■ **Task goal**
From top to bottom, return the listing exactly as it appears, omitting its images.

■ **Information supplied**

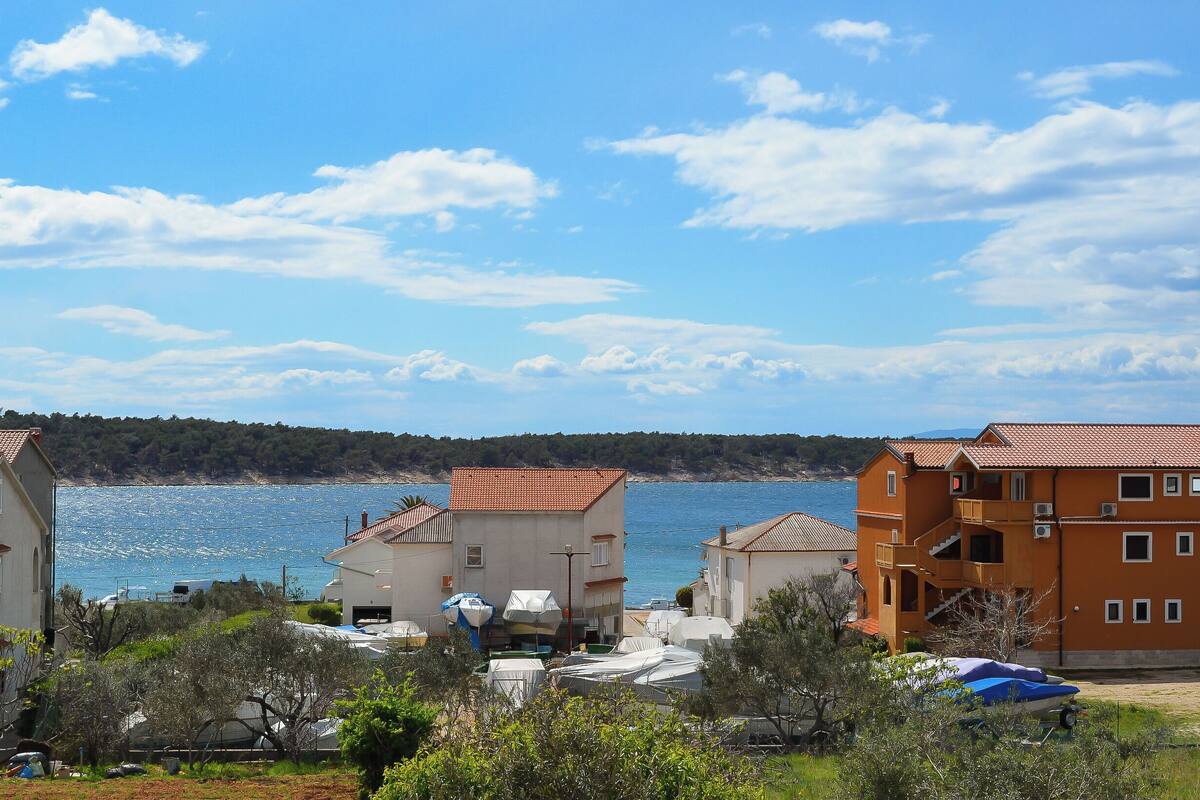 A coastal residential area with houses and a view of the sea.
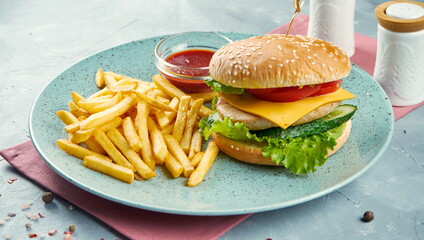 Juicy buregr with cheese and chicken on a plate with fries and sauce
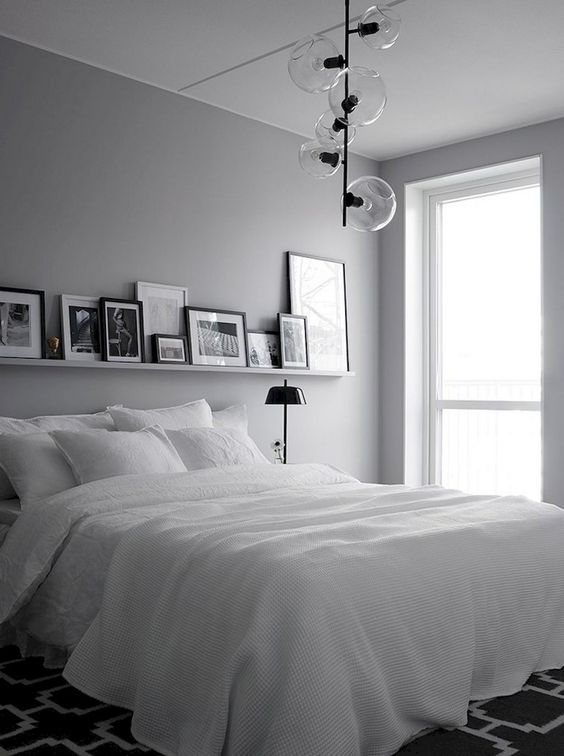 una camera da letto nordica monocromatica con lampade a sospensione, un letto bianco, una sporgenza con opere d'arte e lampade nere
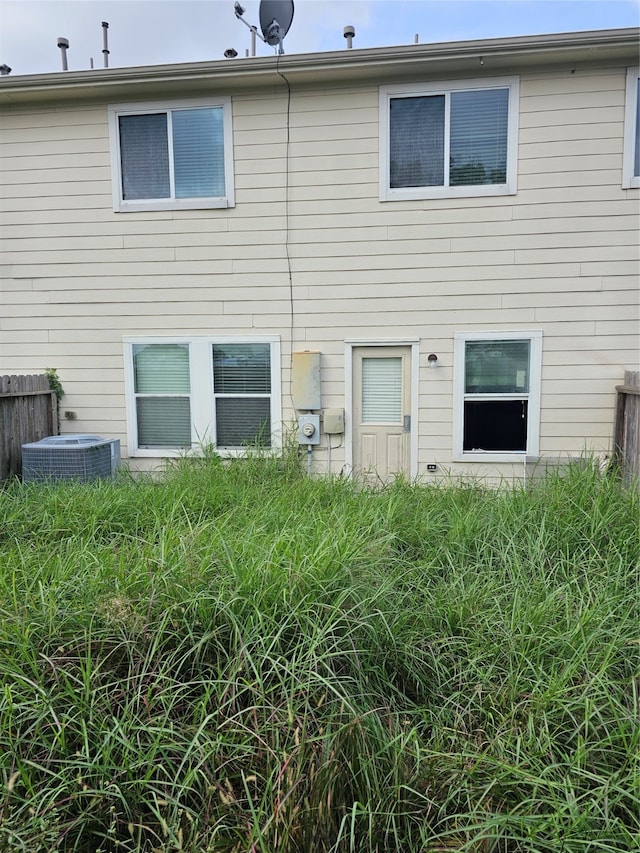 back of property with central air condition unit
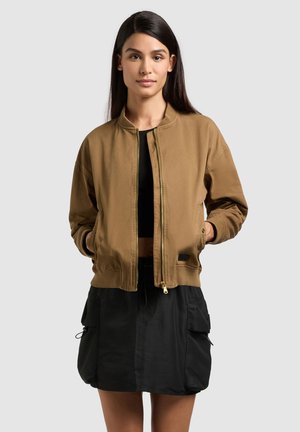 Kobieta o długich ciemnych włosach, ubrana w brązową bomberkę na zamek na czarnym krótkim topie i czarnej spódnicy typu cargo, stojąca z rękami w kieszeniach.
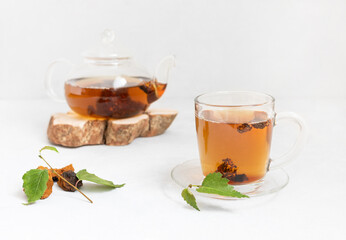 Chaga tea in a glass mug and teapot on a white background. Trendy healthy beverage. Drink with pieces of birch mushroom.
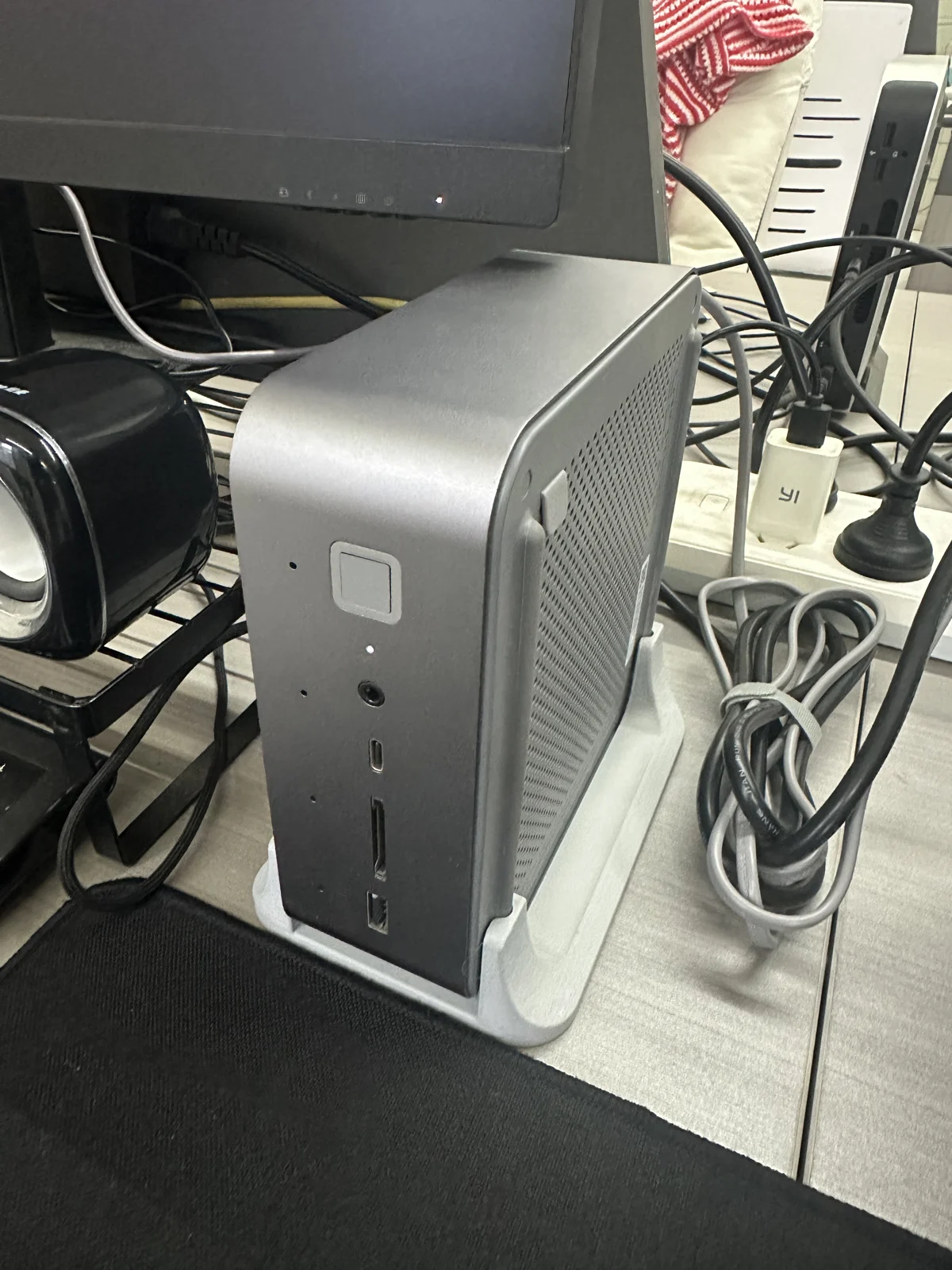Beelink GTi13 竖立放在浅灰色 3D 打印支架中,已经安装在桌面上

■ **Reply to the exercise**
 A coastal residential area with houses and a view of the sea.
 Juicy buregr with cheese and chicken on a plate with fries and sauce
 una camera da letto nordica monocromatica con lampade a sospensione, un letto bianco, una sporgenza con opere d'arte e lampade nere
 back of property with central air condition unit
 Kobieta o długich ciemnych włosach, ubrana w brązową bomberkę na zamek na czarnym krótkim topie i czarnej spódnicy typu cargo, stojąca z rękami w kieszeniach.
 Chaga tea in a glass mug and teapot on a white background. Trendy healthy beverage. Drink with pieces of birch mushroom.
Beelink GTi13 竖立放在浅灰色 3D 打印支架中,已经安装在桌面上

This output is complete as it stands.